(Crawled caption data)
Content starts

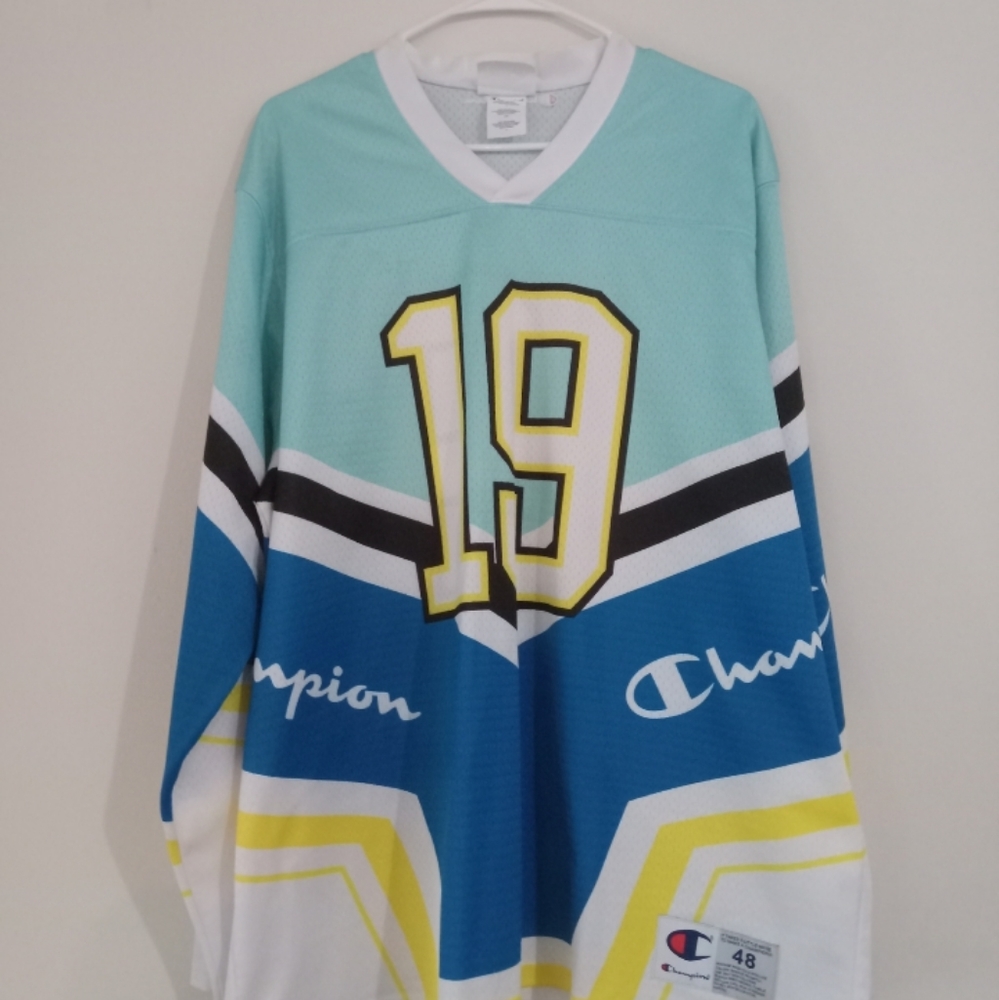 Champion Hockey jersey size 48..two-toned blue & white.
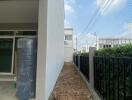 Side yard of a modern home with narrow gardening space and boundary fencing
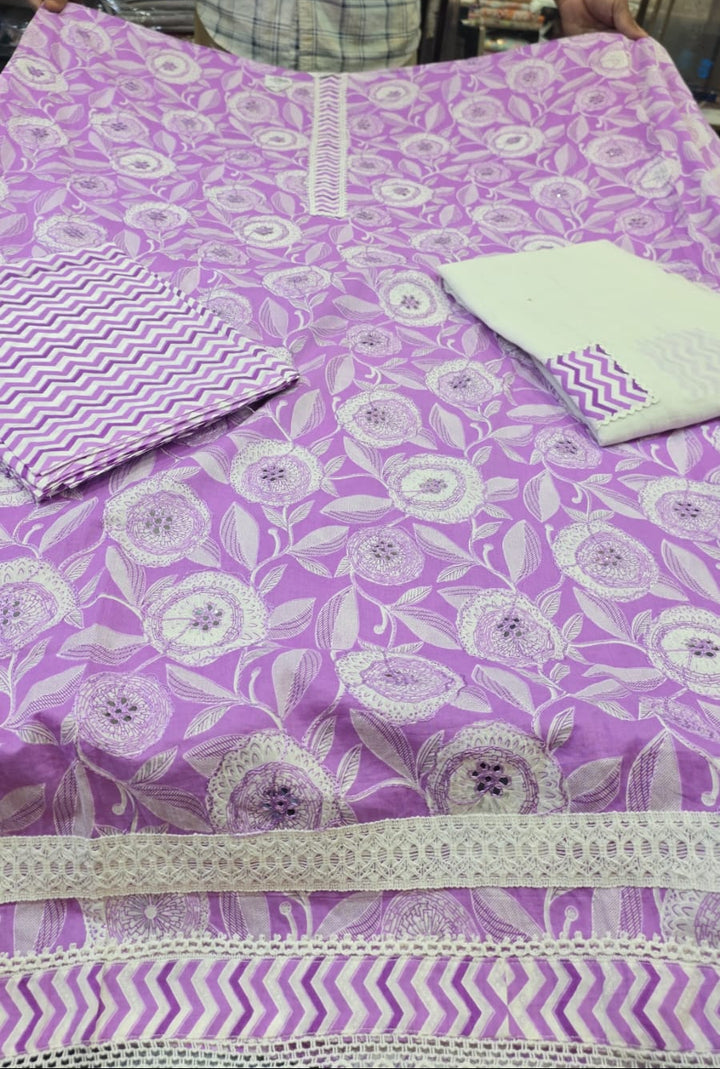 Purple fabric with white floral patterns displayed on a table.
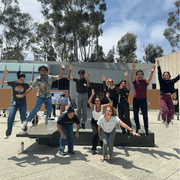 A group of people jumping outside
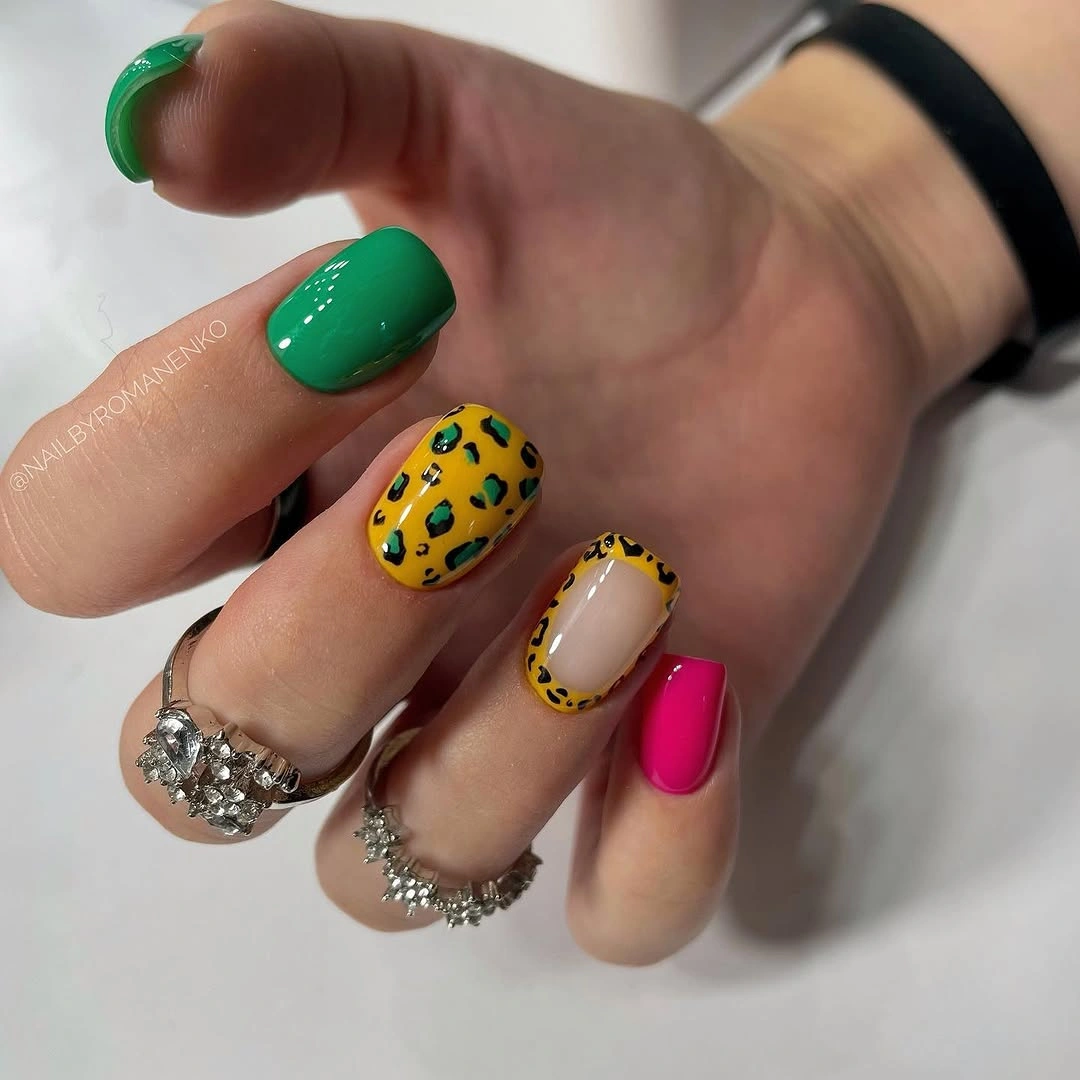 Short emerald yellow nude and magenta accent nails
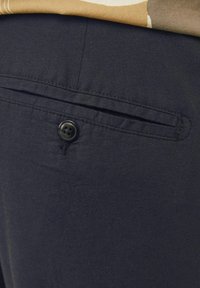 Pantalones de tela azul marino con un bolsillo trasero con un botón negro y detalles cosidos, mostrando una textura suave y ligera.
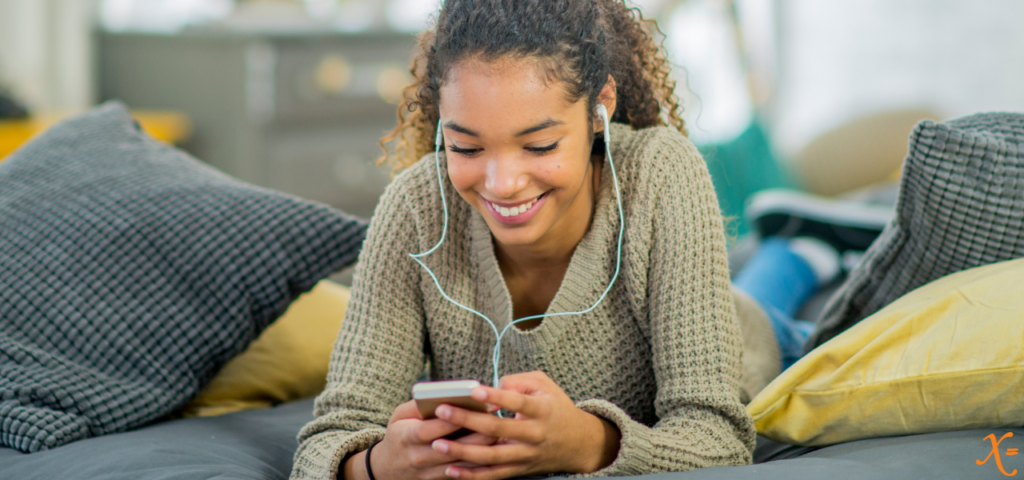 Women scrolling through phone while listening to music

Content ends

No pictures should appear in the copy, which holds exactly the lines from the first line of the data through the line with "Pantalones de tela" and nothing else.

## [Worked solution]
 Champion Hockey jersey size 48..two-toned blue & white.
 Side yard of a modern home with narrow gardening space and boundary fencing
 Purple fabric with white floral patterns displayed on a table.
 A group of people jumping outside
 Short emerald yellow nude and magenta accent nails
 Pantalones de tela azul marino con un bolsillo trasero con un botón negro y detalles cosidos, mostrando una textura suave y ligera.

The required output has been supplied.